This past week there has been much debate about the lack of funding for the Rail option to Boulder County promised in the Fastracks project. Prices have more that doubled!! See this article about the recent meeting: http://www.denverpost.com/news/ci_20024328. As a long time advocate of rail, TOD, transit, I am in some ways disappointed but truth be told I have always had some ambivalence about the rail option to Boulder. As an 8-year commuter to Denver on the BX express bus it is hard to make the case for a billion dollar investment to basically meet that level of service. The media says that the travel time may decrease from 45 to 41 minutes after rail!! Typically bus does not get the level of associated development that you get from rail: fixed tracks spur development whether for high speed, commuter, light rail or street car. Portland is held up as the TOD holy grail in this regards especially after the redevelopment spurred in the Pearl District thanks to the introduction of a streetcar.

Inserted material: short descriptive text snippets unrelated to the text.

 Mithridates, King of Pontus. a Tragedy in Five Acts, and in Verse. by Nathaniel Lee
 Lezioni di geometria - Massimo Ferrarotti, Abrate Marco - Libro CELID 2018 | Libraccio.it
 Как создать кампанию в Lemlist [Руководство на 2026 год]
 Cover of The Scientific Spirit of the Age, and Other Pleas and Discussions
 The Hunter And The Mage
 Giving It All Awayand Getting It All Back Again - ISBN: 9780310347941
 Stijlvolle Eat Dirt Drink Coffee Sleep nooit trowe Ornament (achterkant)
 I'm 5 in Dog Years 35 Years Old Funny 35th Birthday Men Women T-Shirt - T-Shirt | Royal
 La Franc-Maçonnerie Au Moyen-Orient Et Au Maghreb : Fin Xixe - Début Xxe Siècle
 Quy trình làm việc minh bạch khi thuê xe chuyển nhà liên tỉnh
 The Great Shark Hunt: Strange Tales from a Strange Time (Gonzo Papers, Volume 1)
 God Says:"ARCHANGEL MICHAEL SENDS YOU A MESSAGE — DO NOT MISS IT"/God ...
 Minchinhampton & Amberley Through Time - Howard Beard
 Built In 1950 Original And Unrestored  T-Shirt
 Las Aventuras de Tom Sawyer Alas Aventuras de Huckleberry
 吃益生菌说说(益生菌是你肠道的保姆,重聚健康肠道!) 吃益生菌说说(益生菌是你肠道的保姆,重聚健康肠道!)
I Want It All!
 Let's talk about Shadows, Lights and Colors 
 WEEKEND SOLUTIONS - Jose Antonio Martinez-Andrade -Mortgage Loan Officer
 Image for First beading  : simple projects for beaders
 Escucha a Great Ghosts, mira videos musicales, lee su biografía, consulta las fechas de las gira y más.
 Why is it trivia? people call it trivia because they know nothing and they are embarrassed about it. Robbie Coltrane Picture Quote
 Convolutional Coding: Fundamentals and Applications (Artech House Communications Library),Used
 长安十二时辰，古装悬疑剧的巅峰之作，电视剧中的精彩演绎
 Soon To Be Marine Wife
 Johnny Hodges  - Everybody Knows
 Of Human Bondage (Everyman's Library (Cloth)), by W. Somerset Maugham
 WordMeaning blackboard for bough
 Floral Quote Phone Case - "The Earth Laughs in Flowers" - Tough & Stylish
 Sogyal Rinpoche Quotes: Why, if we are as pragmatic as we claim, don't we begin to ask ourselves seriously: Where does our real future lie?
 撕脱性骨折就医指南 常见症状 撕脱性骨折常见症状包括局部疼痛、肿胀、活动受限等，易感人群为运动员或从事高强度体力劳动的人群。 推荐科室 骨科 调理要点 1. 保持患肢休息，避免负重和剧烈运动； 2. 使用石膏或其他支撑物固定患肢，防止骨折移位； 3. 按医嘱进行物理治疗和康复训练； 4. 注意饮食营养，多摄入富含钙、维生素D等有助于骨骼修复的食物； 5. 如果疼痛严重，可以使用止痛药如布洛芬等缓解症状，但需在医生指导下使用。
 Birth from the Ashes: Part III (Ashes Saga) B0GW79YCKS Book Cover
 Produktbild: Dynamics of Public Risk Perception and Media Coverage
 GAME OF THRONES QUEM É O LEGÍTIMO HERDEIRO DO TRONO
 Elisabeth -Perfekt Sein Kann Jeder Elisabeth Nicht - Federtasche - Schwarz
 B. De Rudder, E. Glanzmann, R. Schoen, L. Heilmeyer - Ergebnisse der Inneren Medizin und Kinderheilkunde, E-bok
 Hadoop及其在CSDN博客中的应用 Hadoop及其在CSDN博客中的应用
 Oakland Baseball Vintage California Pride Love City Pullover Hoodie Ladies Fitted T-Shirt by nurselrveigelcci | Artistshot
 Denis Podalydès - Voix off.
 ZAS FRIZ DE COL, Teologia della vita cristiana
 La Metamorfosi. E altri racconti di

This is however a beautiful case of one size does not fit all. As a commuter option, the Bus Rapid Transit (BRT) is incredibly efficient and "right-sized" for the situation. The amount of infrastructure investment including bridges, HOV, lanes etc makes it a fast and easy way to get along the US 36 corridor. A fledgeling TOD has even evolved at the Broomfield Events Center although it suffers form the TOD's on the Southeast Corridor Light Rail: only half a TOD can be built thanks to the adjacent highway. I may take the Bus to Radiohead in a few weeks!!
Which leads to places ... the nice thing about rail is that when it is situated in the heart of a community it can be a catalyst for dynamic places. There was some real opportunity in Louisville and Boulder to make that happen. For this to be most effective though, it should really be a NODE. The Transit Center is really at an edge so one wonders how much it can really be a catalyst for East Boulder. Even with the adjacent parcels developing, the rail line itself forms a barrier to a robust sense of community there. Without the rail, should the Transit Center really be in that location from an urban design perspective?? Table Mesa PNR should really be a TOD but suffers from the same problem.
The challenge then is to leverage BRT investments to link Boulder County and use it make real places. Perhaps they are place holders for next gen streetcars on major transit corridors that link dynamic centers, and start to really tie the region together. One can only hope!